* **YOUR GOAL**
Your task is to write out every line of the data exactly. Drop the pictures.

* **MATERIAL PROVIDED**
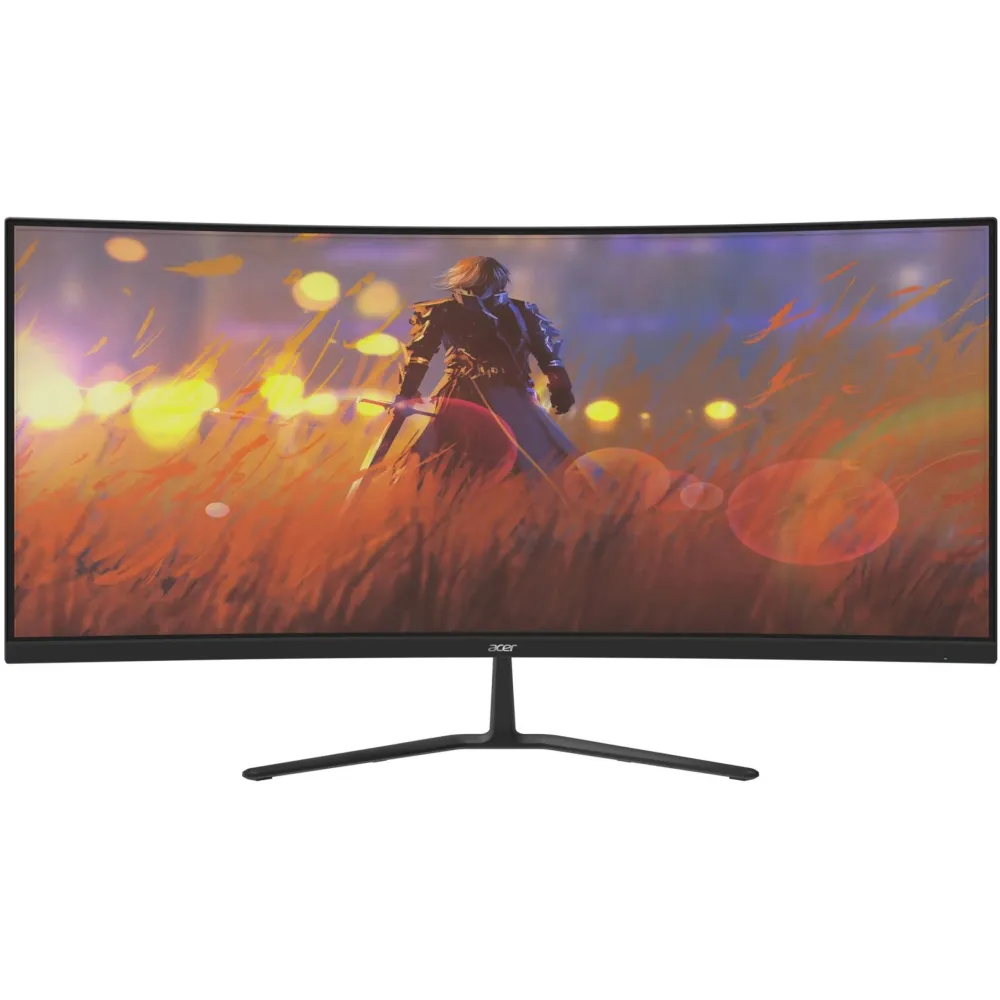 Monitor Acer Nitro ED340CURX0bmiipx UM.CE0EE.009 - zdjęcie poglądowe 5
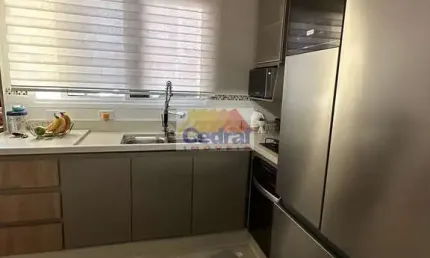 Casa em Condomínio Padrão 68m² - Vila nova Aparecida, Mogi das Cruzes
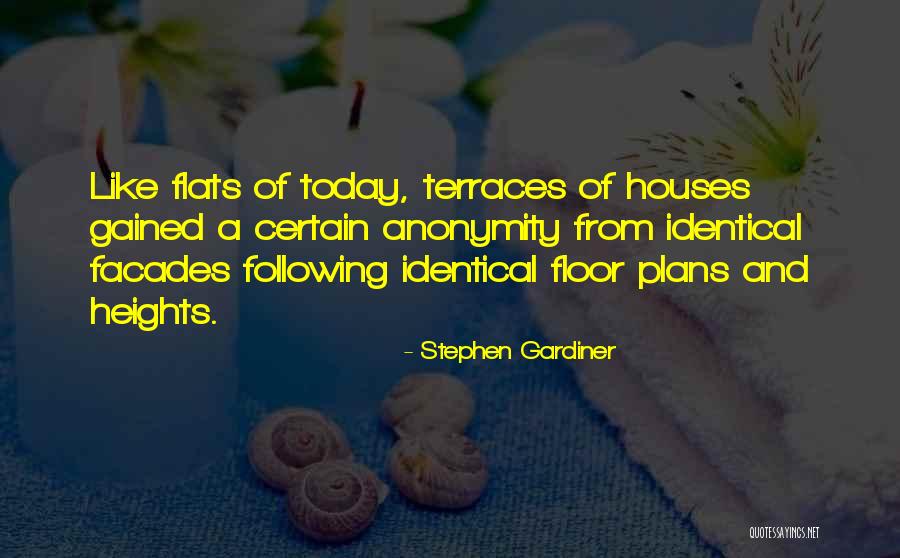 Funny Deja Vu Quotes By Stephen Gardiner Funny Deja Vu Quotes By Stephen Gardiner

* **TASK SOLUTION**
 Monitor Acer Nitro ED340CURX0bmiipx UM.CE0EE.009 - zdjęcie poglądowe 5
 Casa em Condomínio Padrão 68m² - Vila nova Aparecida, Mogi das Cruzes
 Funny Deja Vu Quotes By Stephen Gardiner Funny Deja Vu Quotes By Stephen Gardiner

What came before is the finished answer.